The preliminary details emerged after U.S. and North Korean officials held working-level talks Monday in the truce village of Panmunjom in the Demilitarized Zone.
The Americans planned to send transit cases via truck to the DMZ, where they would be given to the North Koreans to use for the remains. “They’re going to use our cases for the remains and give them back to us,” the official told Stars and Stripes.
A U.S. delegation was expected to retrieve the remains in North Korea and fly them out on July 27, either to Osan Air Base in South Korea or Hawaii, the official said, adding that the date may change as the two sides planned to iron out final details during another meeting in the near future.
The date would be symbolic as it marks the 65th anniversary of the signing of the armistice that ended the war instead of a peace treaty.
The North Koreans informed the U.S. delegates that they’ll return 50 to 55 sets of remains of U.S. servicemembers, the official said. It would be the first repatriation of remains since 2007 as search efforts stalled amid rising tensions over the North’s nuclear weapons program.
The official said Monday’s meeting was focused on the return of remains and the North Koreans apparently did not raise other issues or request anything in return, despite speculation in South Korean media that they would try to tie the repatriation to other demands.
It’s unclear how the North Koreans could be certain of the nationalities, although they have in the past included dog tags. The U.S. Defense POW/MIA Accounting Agency, or DPAA, which oversees the effort, has cautioned that the identification process is complicated and often takes years.
The Hawaii-based DPAA says it has family reference samples for more than 90 percent of the missing servicemembers. But past remains have been found to be mixed up with other unidentified individuals and in at least one case animal bones.
Thousands of Americans were believed to have been lost on the northern side of the heavily fortified border, which has divided the peninsula as the adversaries remain technically at war.
North Korean leader Kim Jong Un agreed to recover remains, “including the immediate repatriation of those already identified,” along with other commitments during his unprecedented summit with President Donald Trump on June 12 in Singapore.
The historic meeting was focused on efforts to persuade the North to give up its nuclear weapons, and the agreement to return remains was seen as a goodwill gesture.
But the process has been slow, with the North Koreans keeping the U.S.-led United Nations Command on standby for weeks after the military sent dozens of temporary coffins to the DMZ in preparation.
The North also failed to show up at a July 12 meeting that had been announced by Secretary of State Mike Pompeo, reportedly asking the Americans to send a general officer on Sunday for the first high-level military talks between the two sides in more than nine years.
Pompeo said Sunday that the talks, which were led by U.S. and North Korean two-star generals, were “productive and cooperative and resulted in firm commitments.” The sides also agreed to resume field operations to search for more remains in the North and to hold the working-level talks on Monday.

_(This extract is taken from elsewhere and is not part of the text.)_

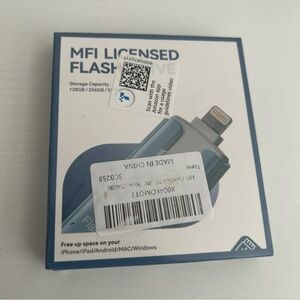 MFI Licensed Flash Drive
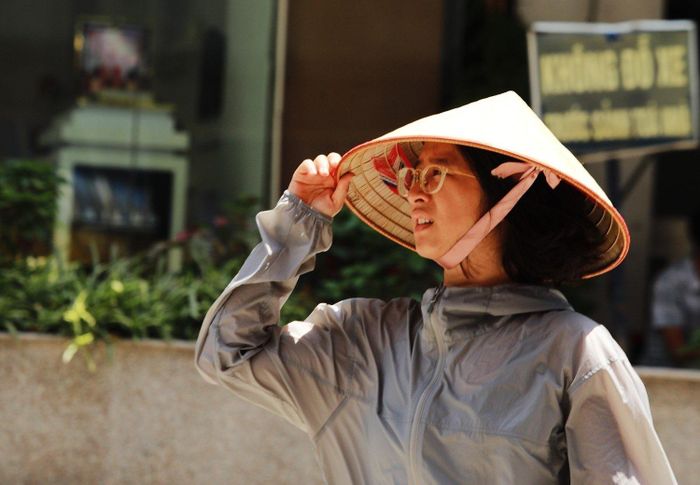 Người dân cần che chắn khi di chuyển dưới thời tiết nắng nóng của mùa hè. (Ảnh: 24h.com)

The State Department confirmed that talks resumed Monday in Panmunjom “to continue coordination on the transfer of remains already collected in (North Korea) and the re-commencing of field operations,” but declined to provide more details.
“We do not discuss the details of private diplomatic discussions,” a State Department official said in an email.
Both officials spoke on condition of anonymity to discuss the sensitive issue.
The State Department has taken the lead on the negotiations, although the issue of war dead on the peninsula is usually handled by the U.N. command, which oversees the cease-fire.
Defense Secretary Jim Mattis said last month that the UNC would handle the return of the remains since 16 nations fought under the U.N. flag during the war.
More than 36,000 U.S. troops died in the Korean War, according to the Pentagon. That figure includes some 7,700 still unaccounted for, with an estimated 5,300 believed to have been lost in the North.
The DPAA says that North Korean officials have indicated in the past that “as many as 200 sets of remains” are in custody and could be ready for return.